Gordon Adams, who oversaw defense budgeting at the Office of Management and Budget (OMB) during the Clinton era, echoed Harrison. 

“I really doubt this will affect the politics of the broader budget debate,” he said. “The negotiations on the budget are coming to a crossroads on the next continuing resolution whether we are in Libya or not.”

The Pentagon has increasingly become a target for members in both parties looking to trim the federal budget. 

As long as the U.S.-led mission in Libya is swift, experts say, this is unlikely to change, but if the mission drags on, it could limit cuts to the Defense budget. 

One Pentagon budget official told The Hill the administration’s decision to use military force to aid rebels in Libya gives new material to proponents of larger annual military budgets.

“It should” change the debate, the Pentagon official said. “We have spent $200 million on missiles and fuel so far. … [F]olks who believe that all is well in the world and that Iraq and Afghanistan are simply mistakes, and that we can wind down and focus internally, should have cause to rethink.”

But Adams said the Pentagon will likely continue to come under budget pressure from lawmakers looking for cuts unless the Libyan conflict becomes “a shooting war that requires U.S. ground troops.” 

He noted that the politics of the defense budget did not change when the U.S. military operated no-fly zones in the skies over northern and southern Iraq while Adams was at OMB.

“There was very little shooting going on, and most of Saddam’s planes stayed on the ground,” said Adams, now with American University and the Stimson Center. “We were running at $100 million to $200 million per month.”

Harrison agreed, saying “the direct cost of this operation is quite small compared to current operations in Afghanistan, so this doesn’t worsen the overall fiscal situation appreciably.” Nor will it affect congressional action on major hardware programs like the F-35 fighter, he added.

“The fundamental battle lines within the defense budget — between personnel costs and weapon systems costs, for example — remain the same,” Harrison noted.

Sen. Dick Lugar (R-Ind.), the ranking member of the Senate Foreign Relations Committee, on Monday called for “a full congressional debate on the objectives and costs” of the Libya air campaign.

“Congress has been squabbling for months over a budget to run the federal government for a fiscal year that is almost half over,” Lugar said in a statement Monday. “We argue over where to cut $100 million here and there from programs many people like. So here comes an open-ended military action with no endgame envisioned.”

The Pentagon budget official said the high costs of bombing Libyan targets likely will get some lawmakers’ attention.
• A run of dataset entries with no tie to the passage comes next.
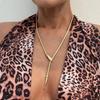 PuRui Gothic Gold Color Snakehead Snake Body Adjustable Flat Snake Necklace for Women Punk Neck Collarbone Chain Zircon New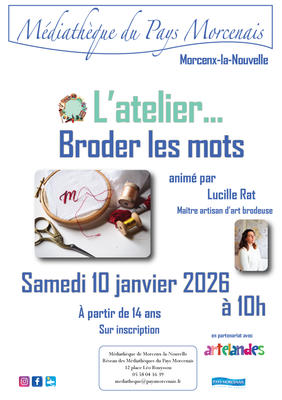 L'atelier ... Broder les mots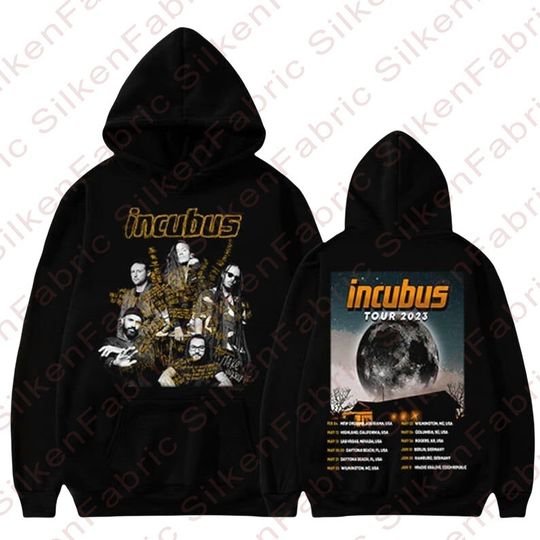 Incubus Rock Band Tour 2023 Shirt, IncuBus Band Hoodie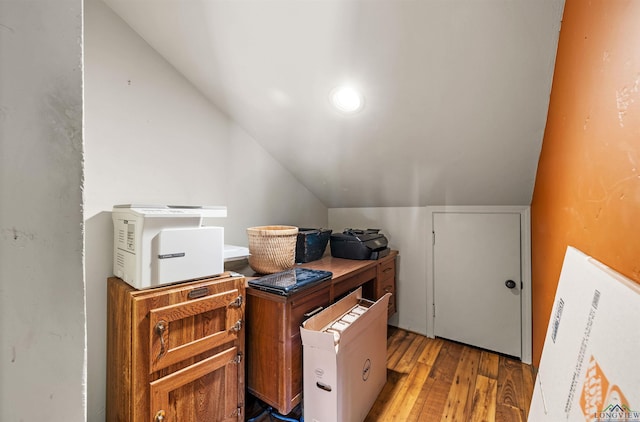 1011 Towne Lake Dr, Longview, TX 75601 - office space featuring vaulted ceiling and light wood-style floors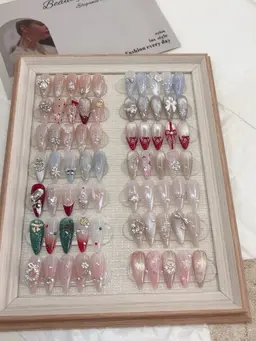 【12月限定】#チップ長さだし#🎄クリスマスデザイン🎄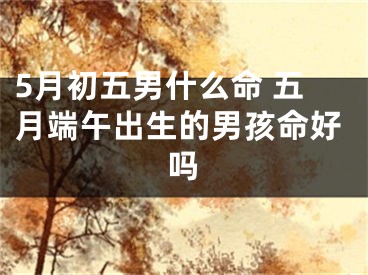 5月初五男什么命 五月端午出生的男孩命好吗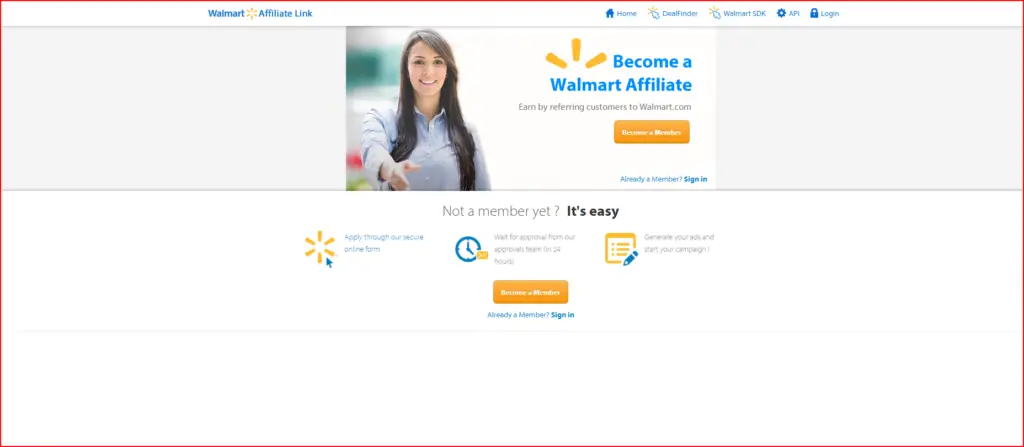 Walmart affiliate program 2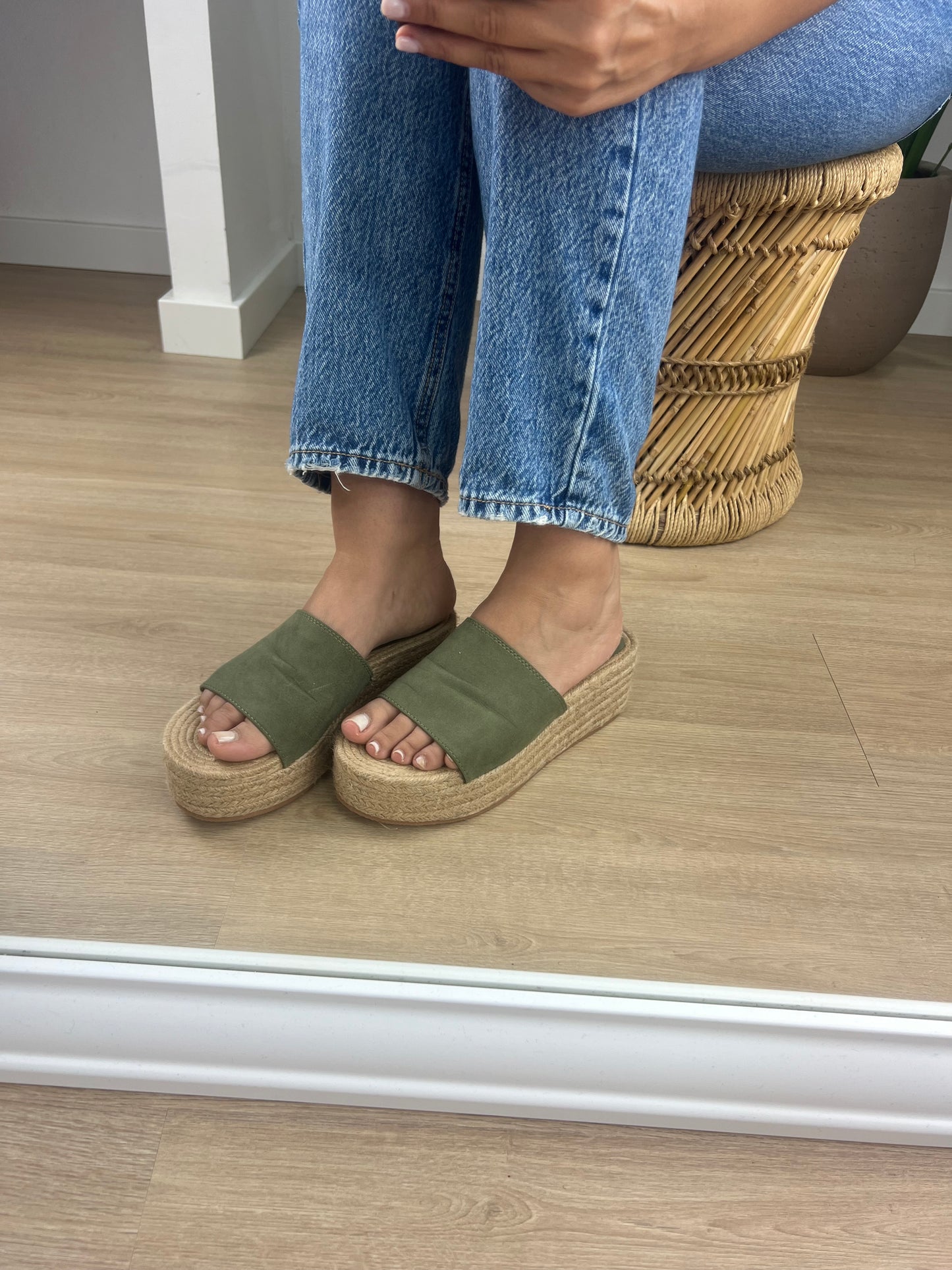 Sandália Plataforma - Kaki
“They spend months and months cutting a few billion, but they’ll see that we can spend that in a few days or weeks” when ordered to launch combat strikes, the Pentagon official said.

Loren Thompson, a Lexington Institute analyst and industry consultant, said if the Libyan air mission goes smoothly, “that could help protect the Pentagon’s budget — but if the operation is inconclusive or leads to a broader U.S. involvement, it could actually hurt the case for robust defense spending.” 

As far as the operation’s impact on the mounting U.S. deficit, Thompson said: “Aside from replacing lost planes and expended munitions — Tomahawk [missiles] cost $1.5 million each — the impact is negligible.”

Pentagon officials are still tabulating the costs of the effort as they grapple with how it might alter the fiscal 2012 budget request they sent Congress last month.

“We have no idea how long the Libyan operations will continue; therefore, it is impossible to ascertain any impact on the [fiscal year] 2012 budget request,” Pentagon spokeswoman Cheryl Irwin said Monday. “If and when it becomes clear that operations might continue into FY 2012, we will address the impact on the FY 2012 budget request at that time.”